The lines to reproduce from the material below are those from the one containing "Carica l'immagine nel" through the one containing "Кастрюля круглая NORI", both included; write them out exactly and add nothing.

**STORED DATA**
★ ★ ★ ★ ★ ★ ★
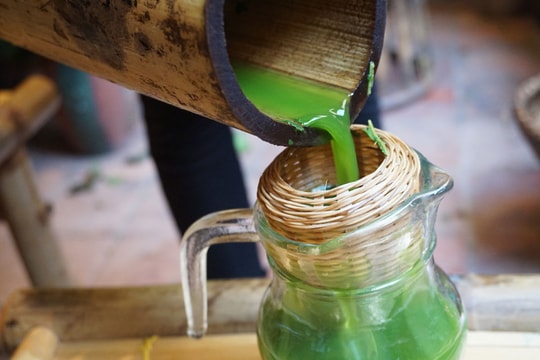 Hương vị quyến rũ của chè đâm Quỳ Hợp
★ ★ ★ ★ ★ ★ ★
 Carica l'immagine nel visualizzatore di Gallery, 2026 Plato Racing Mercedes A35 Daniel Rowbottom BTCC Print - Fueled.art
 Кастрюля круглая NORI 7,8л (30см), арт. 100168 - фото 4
★ ★ ★ ★ ★ ★ ★
**FINISHED EXERCISE**
 Carica l'immagine nel visualizzatore di Gallery, 2026 Plato Racing Mercedes A35 Daniel Rowbottom BTCC Print - Fueled.art
 Кастрюля круглая NORI 7,8л (30см), арт. 100168 - фото 4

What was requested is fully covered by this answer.